Menopause is the permanent cessation of menstruation resulting from loss of ovarian follicular activity. Every woman who lives into middle age will experience it. As a doctor, you will counsel women about this physiological transition, manage its symptoms, prescribe HRT where appropriate, and prevent its long-term complications — particularly osteoporosis. This module focuses on the physiology, consequences, and evidence-based management of menopause.

References

  • DC Dutta's Textbook of Gynaecology, 7th edition, Ch 20 (textbook)
  • Shaw's Textbook of Gynaecology, 17th edition, Ch 15 (textbook)
  • NICE Guideline NG23: Menopause: diagnosis and management (2015, updated 2019) (guideline)
  • WHI Investigators. Risks and Benefits of Estrogen plus Progestin in Healthy Postmenopausal Women. JAMA 2002 (journal)

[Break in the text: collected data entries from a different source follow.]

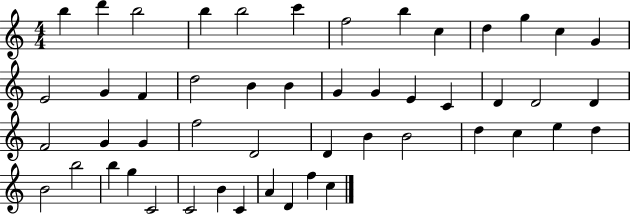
X:1
T:Untitled
M:4/4
L:1/4
K:C
b d' b2 b b2 c' f2 b c d g c G E2 G F d2 B B G G E C D D2 D F2 G G f2 D2 D B B2 d c e d B2 b2 b g C2 C2 B C A D f c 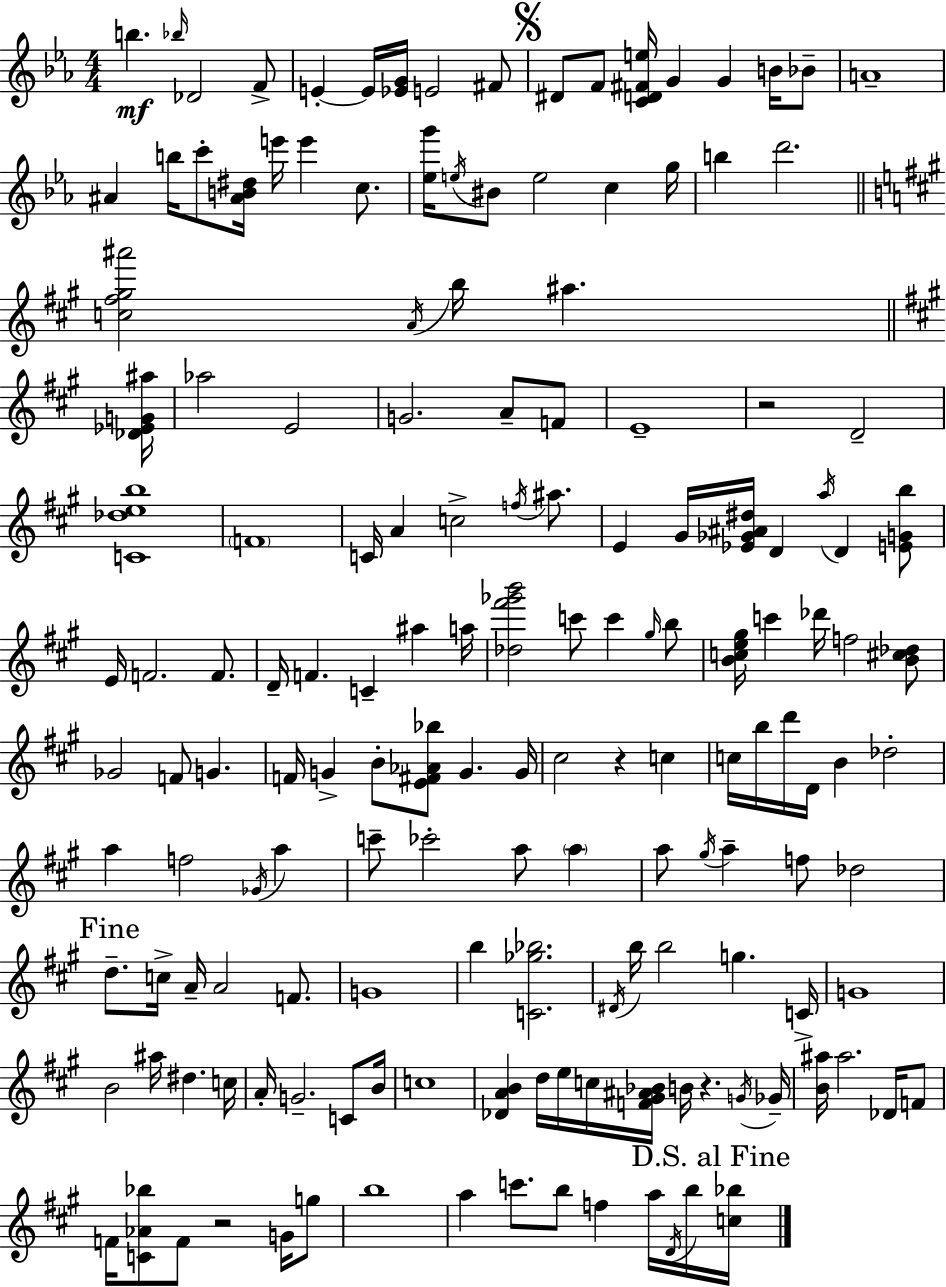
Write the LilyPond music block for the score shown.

{
  \clef treble
  \numericTimeSignature
  \time 4/4
  \key c \minor
  b''4.\mf \grace { bes''16 } des'2 f'8-> | e'4-.~~ e'16 <ees' g'>16 e'2 fis'8 | \mark \markup { \musicglyph "scripts.segno" } dis'8 f'8 <c' d' fis' e''>16 g'4 g'4 b'16 bes'8-- | a'1-- | \break ais'4 b''16 c'''8-. <ais' b' dis''>16 e'''16 e'''4 c''8. | <ees'' g'''>16 \acciaccatura { e''16 } bis'8 e''2 c''4 | g''16 b''4 d'''2. | \bar "||" \break \key a \major <c'' fis'' gis'' ais'''>2 \acciaccatura { a'16 } b''16 ais''4. | \bar "||" \break \key a \major <des' ees' g' ais''>16 aes''2 e'2 | g'2. a'8-- f'8 | e'1-- | r2 d'2-- | \break <c' des'' e'' b''>1 | \parenthesize f'1 | c'16 a'4 c''2-> \acciaccatura { f''16 } ais''8. | e'4 gis'16 <ees' ges' ais' dis''>16 d'4 \acciaccatura { a''16 } d'4 | \break <e' g' b''>8 e'16 f'2. | f'8. d'16-- f'4. c'4-- ais''4 | a''16 <des'' fis''' ges''' b'''>2 c'''8 c'''4 | \grace { gis''16 } b''8 <b' c'' e'' gis''>16 c'''4 des'''16 f''2 | \break <b' cis'' des''>8 ges'2 f'8 g'4. | f'16 g'4-> b'8-. <e' fis' aes' bes''>8 g'4. | g'16 cis''2 r4 | c''4 c''16 b''16 d'''16 d'16 b'4 des''2-. | \break a''4 f''2 | \acciaccatura { ges'16 } a''4 c'''8-- ces'''2-. a''8 | \parenthesize a''4 a''8 \acciaccatura { gis''16 } a''4-- f''8 des''2 | \mark "Fine" d''8.-- c''16-> a'16-- a'2 | \break f'8. g'1 | b''4 <c' ges'' bes''>2. | \acciaccatura { dis'16 } b''16 b''2 | g''4. c'16-> g'1 | \break b'2 ais''16 | dis''4. c''16 a'16-. g'2.-- | c'8 b'16 c''1 | <des' a' b'>4 d''16 e''16 c''16 <f' gis' ais' bes'>16 b'16 | \break r4. \acciaccatura { g'16 } ges'16-- <b' ais''>16 ais''2. | des'16 f'8 f'16 <c' aes' bes''>8 f'8 r2 | g'16 g''8 b''1 | a''4 c'''8. b''8 | \break f''4 a''16 \acciaccatura { d'16 } b''16 \mark "D.S. al Fine" <c'' bes''>16 \bar "|."
}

Version 2.0 | NMC CBUC 2024

CLINICAL SCENARIO

Mrs Kamala, a 49-year-old accounts officer, consults you with distressing hot flushes 8–10 times a day including at night, difficulty sleeping, and vaginal dryness causing dyspareunia. Her periods have been irregular for the past 18 months and she has not menstruated for 14 months. She is anxious about 'HRT causing cancer' and is asking whether she really needs it. Her FSH is 58 IU/L and oestradiol is 32 pmol/L. How do you explain what is happening hormonally, and how do you counsel her about the safety and appropriateness of HRT?

WHY THIS MATTERS

Menopause is an inevitable physiological transition experienced by all women in the fifth decade of life. The average age of natural menopause in India is approximately 45–47 years — slightly earlier than the global average of 51 years — meaning Indian women may spend a third of their lives in the postmenopausal state. The short-term symptoms (hot flushes, sleep disturbance) are disabling for many women, and the long-term consequences — osteoporosis, urogenital atrophy, and increased cardiovascular risk — carry significant morbidity. A final-year doctor must be able to diagnose menopause confidently, counsel women accurately about HRT risks and benefits based on current evidence (not media fear), prescribe the correct type of HRT, and manage those who cannot or prefer not to use hormones.

RECALL

Recall the hypothalamic-pituitary-ovarian (HPO) axis from physiology: GnRH from the hypothalamus drives FSH and LH release from the anterior pituitary; FSH stimulates ovarian follicle development and oestrogen secretion; oestrogen and inhibin B (from granulosa cells) provide negative feedback to suppress FSH. Recall that oestradiol (E2) is the predominant oestrogen in reproductive women, while oestrone (E1) predominates after menopause. Recall also the role of oestrogen in maintaining bone density by inhibiting osteoclast activity and promoting osteoblast function.

Orientation: What Is Menopause and Why Does It Matter?

Menopause is defined as the permanent cessation of menstruation resulting from loss of ovarian follicular activity, diagnosed retrospectively after 12 consecutive months of amenorrhoea with no other pathological or physiological cause. It is a normal biological event, not a disease, yet its consequences have profound health implications. The perimenopause (climacteric) is the transitional period leading up to the final menstrual period and extending to one year after it — characterised by irregular cycles, fluctuating hormone levels, and the emergence of symptoms. The postmenopause begins after the 12-month amenorrhoea criterion is met.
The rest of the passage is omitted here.